# Father-Daughter Talk



## Nick (Apr 23, 2002)

A young woman was about to finish her first year of college. Like so many others
her age, she considered herself to be a very liberal Democrat, and among other
liberal ideals, was very much in favor of higher taxes to support more government
programs, in other words, redistribution of wealth.

She was deeply ashamed that her father was a rather staunch Republican, a feeling
she openly expressed. Based on the lectures that she had participated in, and the
occasional chat with her professors, she felt that her father had for years harbored a
selfish, almost evil desire to keep what he thought should be his. 

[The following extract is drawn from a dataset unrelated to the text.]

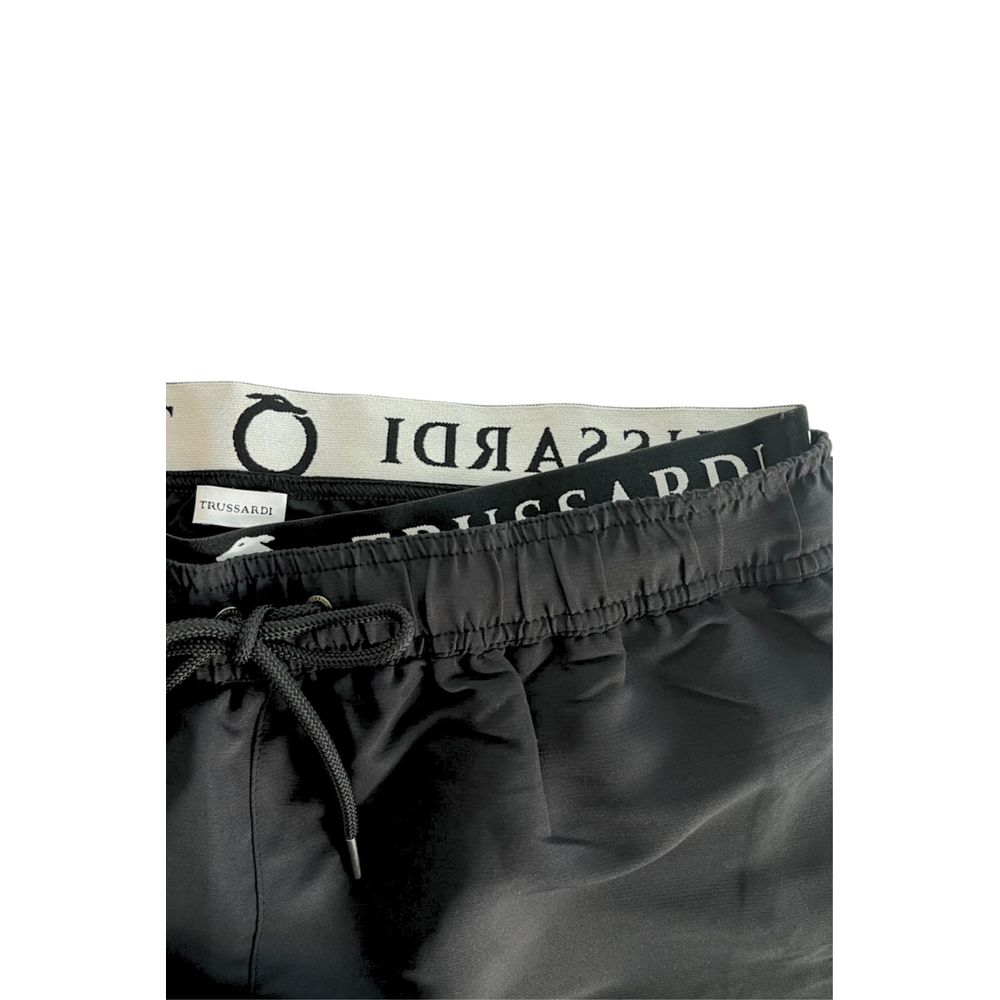 TRUSSARDI BEACHWEAR šortai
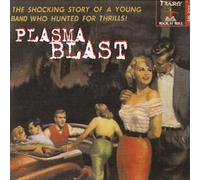 Plasma Blast - Plasma Blast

One day she was challenging her father on his opposition to higher taxes on the
rich and the need for more government programs. The self-professed objectivity
proclaimed by her professors had to be the truth and she indicated so to her
father. He responded by asking how she was doing in school. Taken back, she
answered rather haughtily that she had a 4.0 GPA, and let him know that it was
tough to maintain, insisting that she was taking a very difficult course load and was
constantly studying, which left her no time to go out and party like other people
she knew. She didn't even have time for a boyfriend, and didn't really have many
college friends because she spent all her time studying. 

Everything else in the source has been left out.